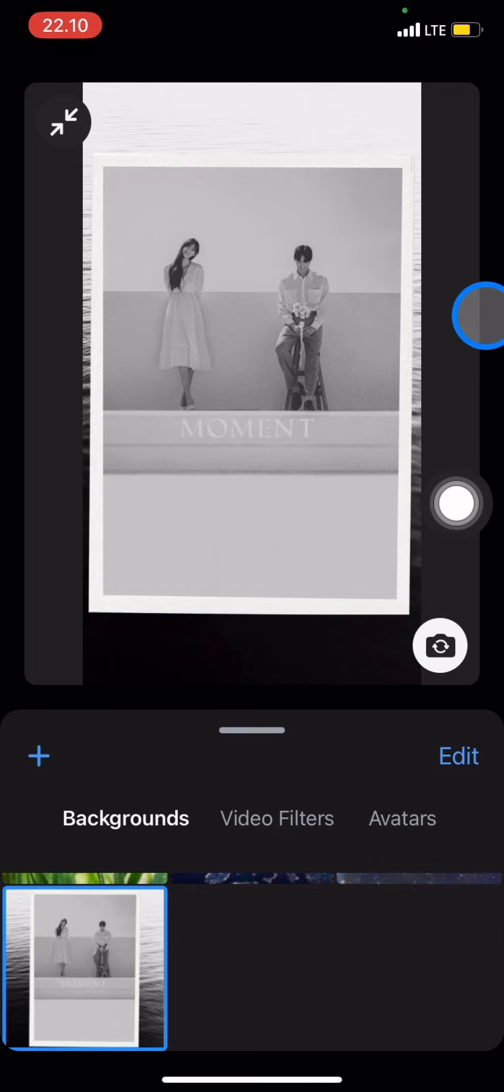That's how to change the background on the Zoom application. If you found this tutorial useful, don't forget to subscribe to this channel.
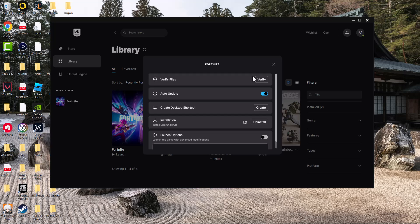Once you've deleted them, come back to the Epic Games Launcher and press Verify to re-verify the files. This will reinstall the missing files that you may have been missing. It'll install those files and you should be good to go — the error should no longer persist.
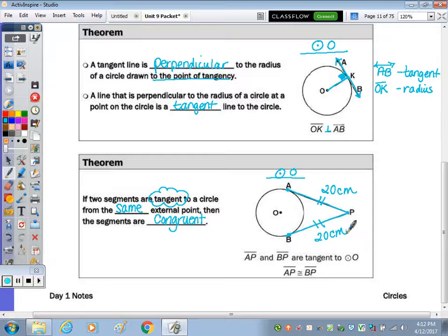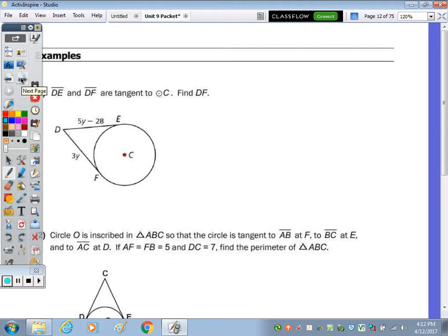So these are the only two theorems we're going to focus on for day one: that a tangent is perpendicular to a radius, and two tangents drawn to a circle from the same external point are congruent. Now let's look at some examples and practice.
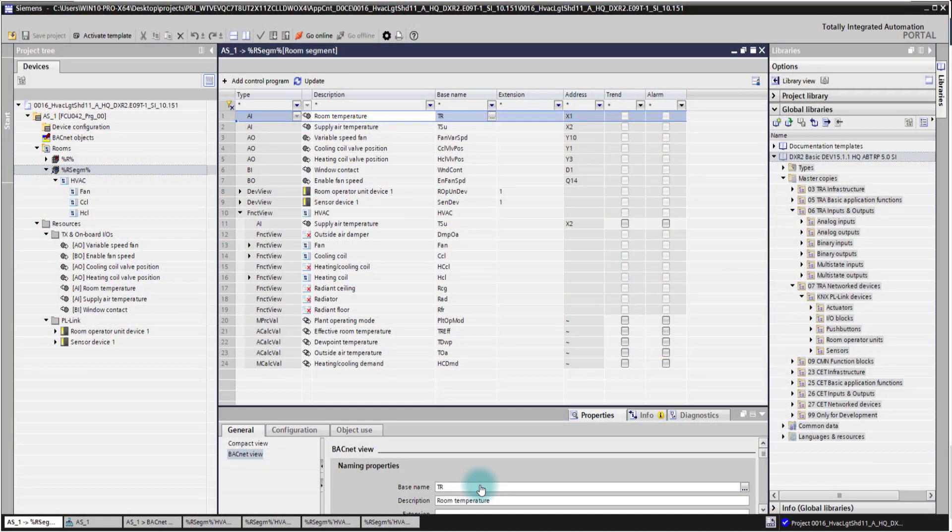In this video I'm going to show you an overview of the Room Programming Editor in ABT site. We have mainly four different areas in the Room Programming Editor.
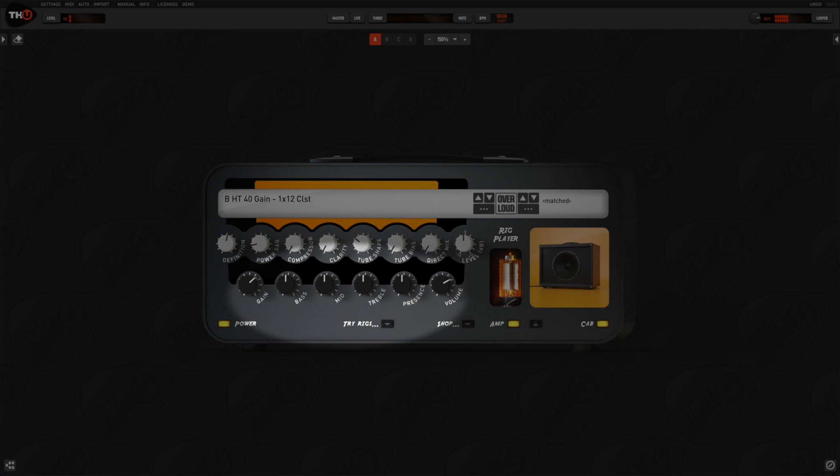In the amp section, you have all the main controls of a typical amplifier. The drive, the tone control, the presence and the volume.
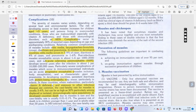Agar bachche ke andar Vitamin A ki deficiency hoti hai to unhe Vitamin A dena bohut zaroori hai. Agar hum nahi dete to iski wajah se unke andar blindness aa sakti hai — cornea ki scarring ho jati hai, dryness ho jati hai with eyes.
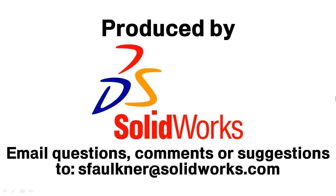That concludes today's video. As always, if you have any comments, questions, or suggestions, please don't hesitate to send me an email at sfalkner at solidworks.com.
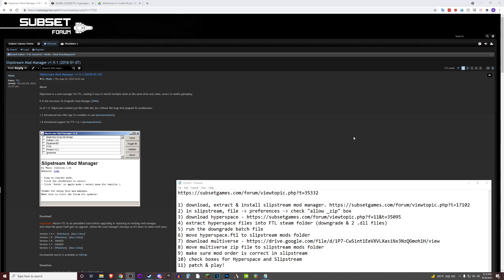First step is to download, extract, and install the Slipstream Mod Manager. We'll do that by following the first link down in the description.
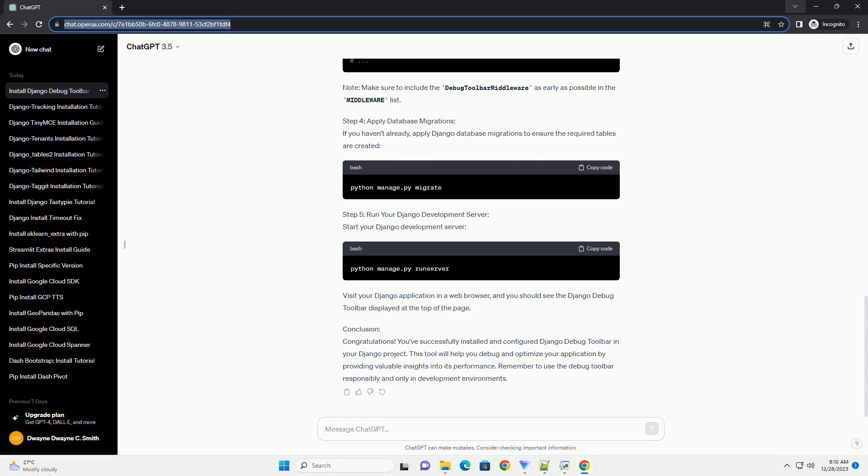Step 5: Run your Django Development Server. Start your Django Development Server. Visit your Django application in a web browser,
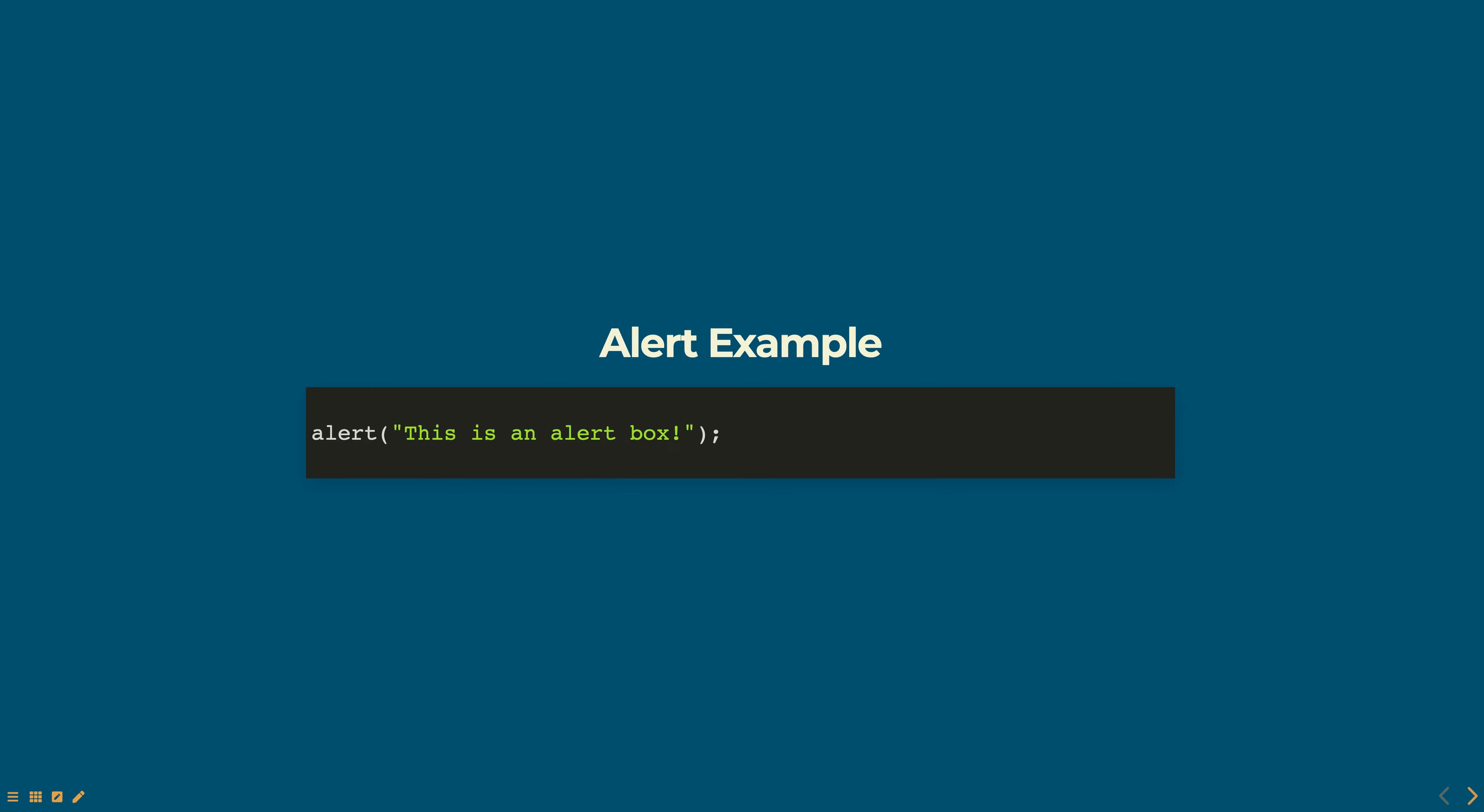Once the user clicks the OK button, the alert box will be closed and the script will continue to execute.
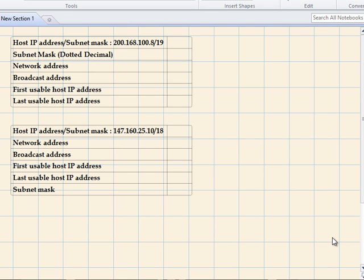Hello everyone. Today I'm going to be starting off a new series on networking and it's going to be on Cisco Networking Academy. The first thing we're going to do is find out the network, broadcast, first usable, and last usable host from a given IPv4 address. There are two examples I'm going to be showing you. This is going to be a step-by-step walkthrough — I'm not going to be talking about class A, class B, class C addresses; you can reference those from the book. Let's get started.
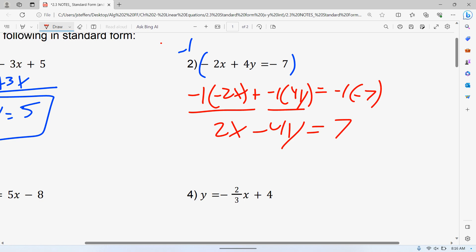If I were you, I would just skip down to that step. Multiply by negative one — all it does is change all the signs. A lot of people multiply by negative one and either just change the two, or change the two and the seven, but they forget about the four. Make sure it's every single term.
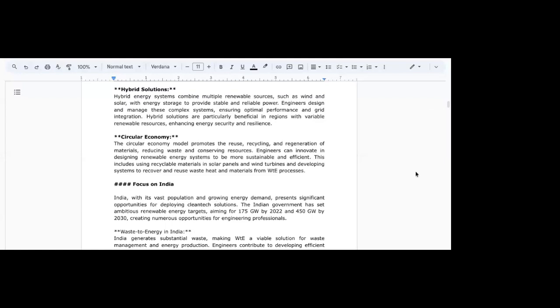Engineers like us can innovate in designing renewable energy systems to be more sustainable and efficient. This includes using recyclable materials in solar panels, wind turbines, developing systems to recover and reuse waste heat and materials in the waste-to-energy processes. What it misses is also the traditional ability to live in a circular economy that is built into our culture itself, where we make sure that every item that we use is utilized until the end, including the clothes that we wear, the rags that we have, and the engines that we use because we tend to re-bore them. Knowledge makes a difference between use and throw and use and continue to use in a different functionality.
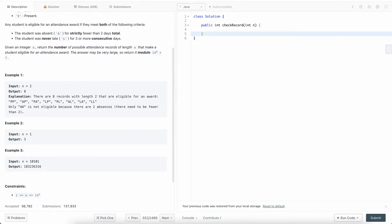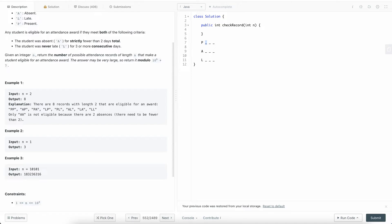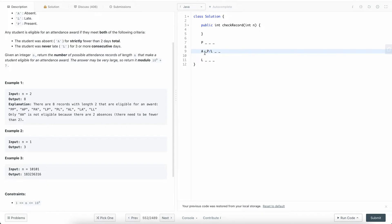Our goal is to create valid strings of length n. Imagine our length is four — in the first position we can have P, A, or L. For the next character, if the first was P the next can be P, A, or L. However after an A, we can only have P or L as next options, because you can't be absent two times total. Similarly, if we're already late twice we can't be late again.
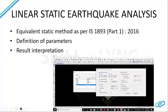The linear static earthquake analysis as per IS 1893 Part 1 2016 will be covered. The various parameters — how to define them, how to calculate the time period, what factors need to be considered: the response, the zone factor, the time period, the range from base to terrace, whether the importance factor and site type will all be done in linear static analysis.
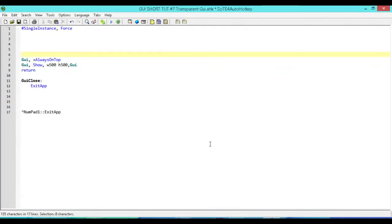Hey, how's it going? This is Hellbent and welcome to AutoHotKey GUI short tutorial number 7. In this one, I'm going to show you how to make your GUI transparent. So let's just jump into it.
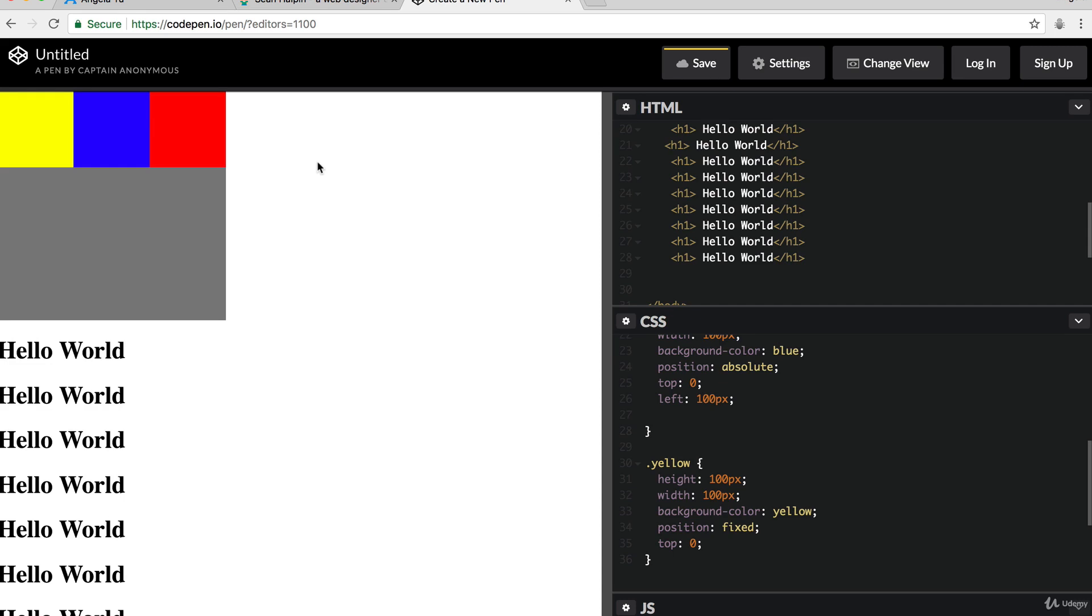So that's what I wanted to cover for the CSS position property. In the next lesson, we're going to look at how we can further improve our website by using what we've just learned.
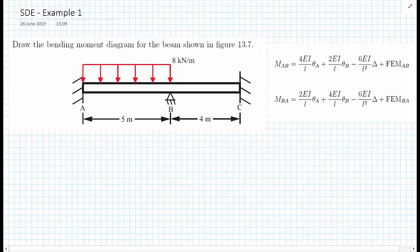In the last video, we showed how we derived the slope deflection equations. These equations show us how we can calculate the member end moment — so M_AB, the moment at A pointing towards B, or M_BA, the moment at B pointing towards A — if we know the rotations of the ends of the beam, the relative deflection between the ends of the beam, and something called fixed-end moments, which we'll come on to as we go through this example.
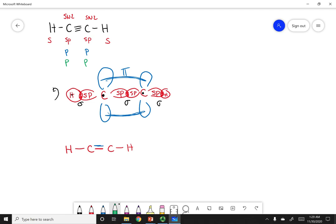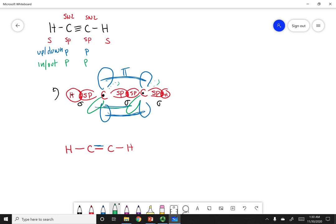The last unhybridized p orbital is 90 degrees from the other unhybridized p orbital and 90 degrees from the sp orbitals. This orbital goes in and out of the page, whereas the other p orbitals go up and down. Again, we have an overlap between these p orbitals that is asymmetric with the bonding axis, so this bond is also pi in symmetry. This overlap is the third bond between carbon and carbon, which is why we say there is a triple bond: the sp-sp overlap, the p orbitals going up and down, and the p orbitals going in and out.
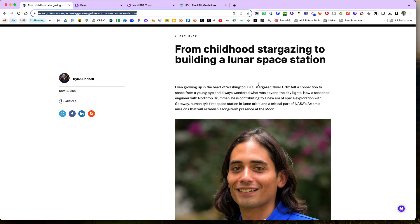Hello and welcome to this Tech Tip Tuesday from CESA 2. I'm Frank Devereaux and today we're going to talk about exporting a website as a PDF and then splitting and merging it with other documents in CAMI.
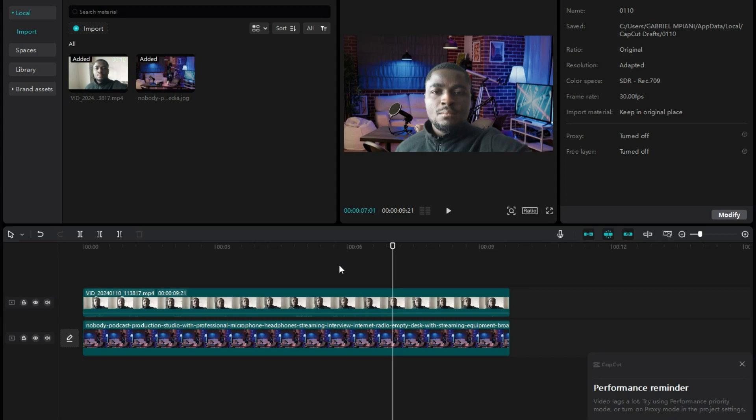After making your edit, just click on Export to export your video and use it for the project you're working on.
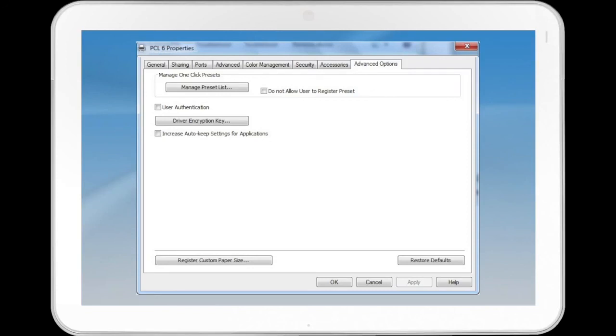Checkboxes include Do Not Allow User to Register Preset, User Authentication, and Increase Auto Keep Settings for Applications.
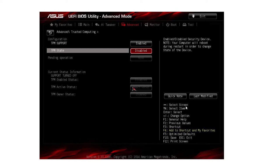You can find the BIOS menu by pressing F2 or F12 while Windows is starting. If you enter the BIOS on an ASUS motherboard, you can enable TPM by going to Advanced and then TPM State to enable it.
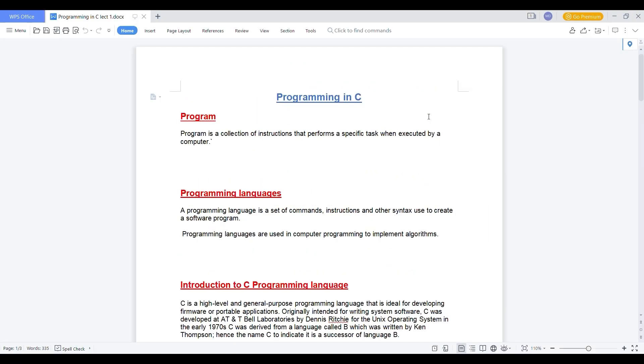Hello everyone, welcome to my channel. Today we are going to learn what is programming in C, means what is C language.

- EXERCISE
Please print the lines above word for word, starting at the one with "Step 5: Run" and ending at the one with "Once the user", both included, and without any picture.

- FINISHED TASK
Step 5: Run your Django Development Server. Start your Django Development Server. Visit your Django application in a web browser,
Once the user clicks the OK button, the alert box will be closed and the script will continue to execute.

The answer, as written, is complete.